#### [Description of the task]
Return an exact copy of the data, starting at its first line and ending at the line that contains "Next, the movement", minus any pictures.

START Available data

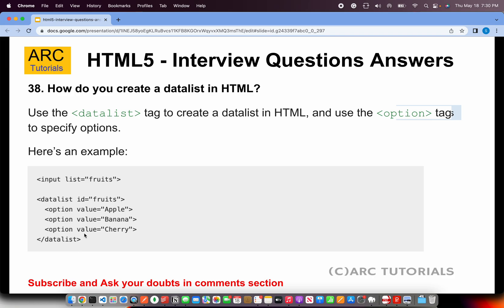How do you create a data list in HTML? We will use the datalist tag — the name of the tag is datalist — and inside that we can give options. That is how you will create a data list in HTML. It is very similar to select, but the only difference is that instead of select, we write datalist.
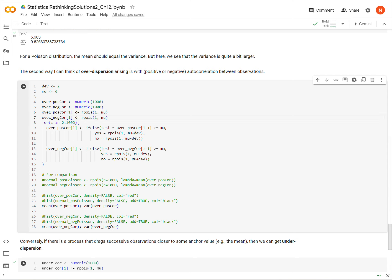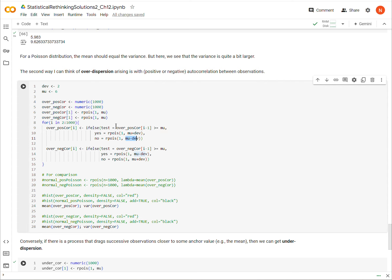We're going to have two variables: one with positive correlation and one with negative correlation. In the for loop, for both variables, the first observation is just a Poisson distribution with mean mu, where I'm setting mu to six. For positive correlation, if the previous observation was greater than or equal to mu, the next observation is drawn from a Poisson with mean mu plus a deviation of two; if less than mu, then mu minus two. This produces positive correlation. Conversely, for negative correlation, if the previous observation is greater than mu, the next draws from a Poisson less than mu, and vice versa.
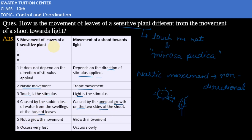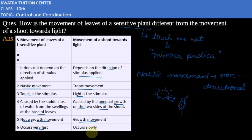Next, the movement of the leaves of a sensitive plant is not a growth movement — there is no growth involved. The shoot movement, however, is a growth movement. Additionally, the movement of a sensitive plant occurs very fast: if we touch it, it shrinks quickly. On the other hand, the movement of a shoot towards light is a slow process — it occurs slowly. These are the basic differences between the movement of a sensitive plant and the movement of a shoot towards light.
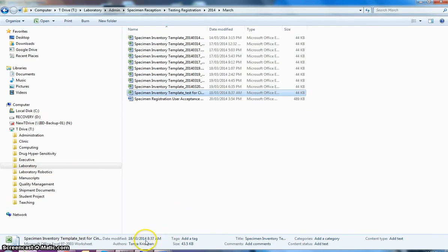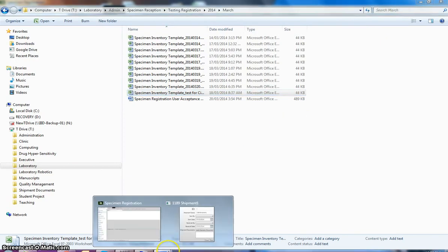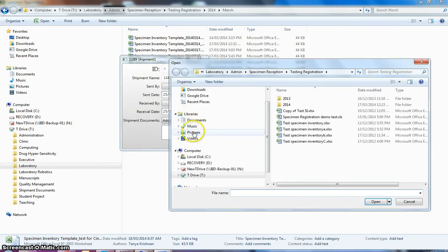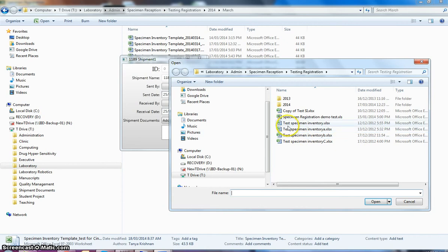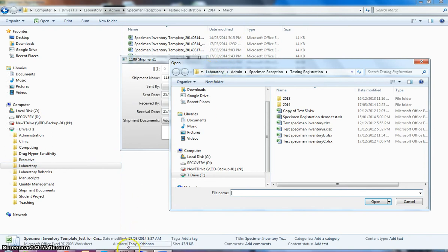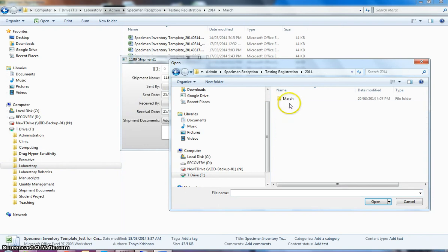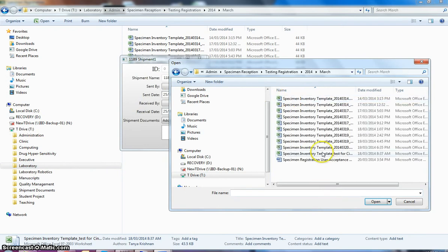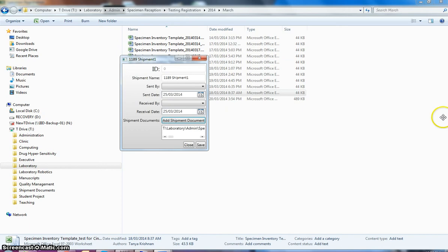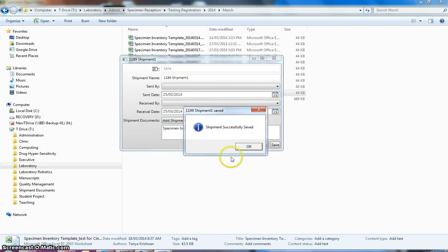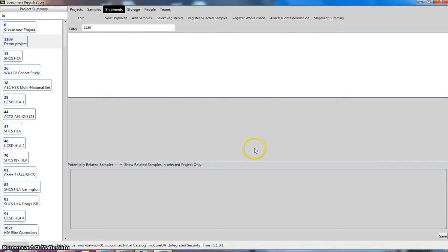So we'll show you how to import this data into our LIMS system. So if I just close that and go back to the registration software. So these documents, we can assign any kind of document to the shipment. So if we go add shipment document, we can assign this document to our shipment. So if we just select our spreadsheet that we just showed you. And as we can see that that's added to the list of our shipment documents. So we can save that in our shipment. We should come up with a confirmation dialog that our shipment has been saved. So we can now see our shipment in the list of shipments.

END Available data

#### [Output]
How do you create a data list in HTML? We will use the datalist tag — the name of the tag is datalist — and inside that we can give options. That is how you will create a data list in HTML. It is very similar to select, but the only difference is that instead of select, we write datalist.
We're going to have two variables: one with positive correlation and one with negative correlation. In the for loop, for both variables, the first observation is just a Poisson distribution with mean mu, where I'm setting mu to six. For positive correlation, if the previous observation was greater than or equal to mu, the next observation is drawn from a Poisson with mean mu plus a deviation of two; if less than mu, then mu minus two. This produces positive correlation. Conversely, for negative correlation, if the previous observation is greater than mu, the next draws from a Poisson less than mu, and vice versa.
Next, the movement of the leaves of a sensitive plant is not a growth movement — there is no growth involved. The shoot movement, however, is a growth movement. Additionally, the movement of a sensitive plant occurs very fast: if we touch it, it shrinks quickly. On the other hand, the movement of a shoot towards light is a slow process — it occurs slowly. These are the basic differences between the movement of a sensitive plant and the movement of a shoot towards light.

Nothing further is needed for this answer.